Incidents such as what happened in Singur and Nandigram have catapulted the issue of SEZs to the forefront. What exactly is the price we’re paying for development? Who is there to champion the cause of the farmers? In a democratic country as ours, can the state afford to turn a blind eye to the needs of certain sections of society?
Six months ago, five artists—Tushar Joag, Justin Ponmany,
Prajakta Potnis, Sharmila Samant and Uday Shanbhag—formed a fact-finding committee and extensively toured the SEZs in Raigad district and the Uttan-Gorai belt, also called the Dharavi Island, to find the facts behind the fiction.
They will present their findings in the form of documentaries and interactive sessions, under the title of SEZ Who?, at the Experimenter Gallery in Kolkata from June 21 to July 25. The highlight of the project will be a live feed from Gorai where visitors can ask questions and directly interact with activists and policymakers in the field of SEZ development in Gorai.
Samant says that she took up the issue of SEZs because it is something she has been concerned with since 2006.
“I wanted to explore the changing patterns of the use of land and the dire impossibility of survival for small farmers,” she says. Fittingly, the group has selected a scarecrow as its logo for the project as it is a scarecrow that scares away the birds from the crops and protects the farmers’ interest.
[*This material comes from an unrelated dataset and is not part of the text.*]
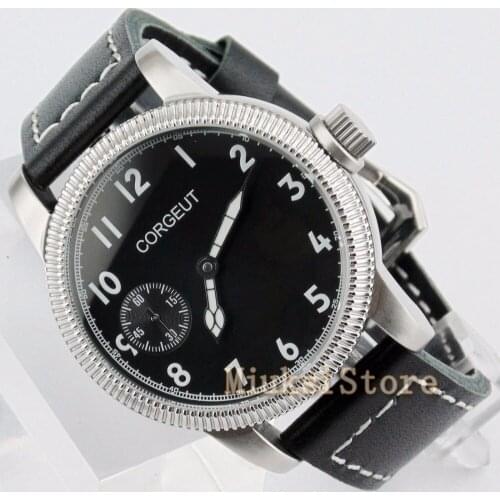 Corgeut 40mm mens watch hand-winding 6497 mechanical watch fashion business watch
Samant says that their visits to the sites of the SEZs only confirmed some of their suspicions. “We discovered the complete apathy of the state towards its citizens, the greed of politicians and industrialists and the false projection of statistics to baffle the urban middle class to garner their support.” The silver lining, however, she says is “taking solace in peoples’ movements, and the strength of unified resistance”.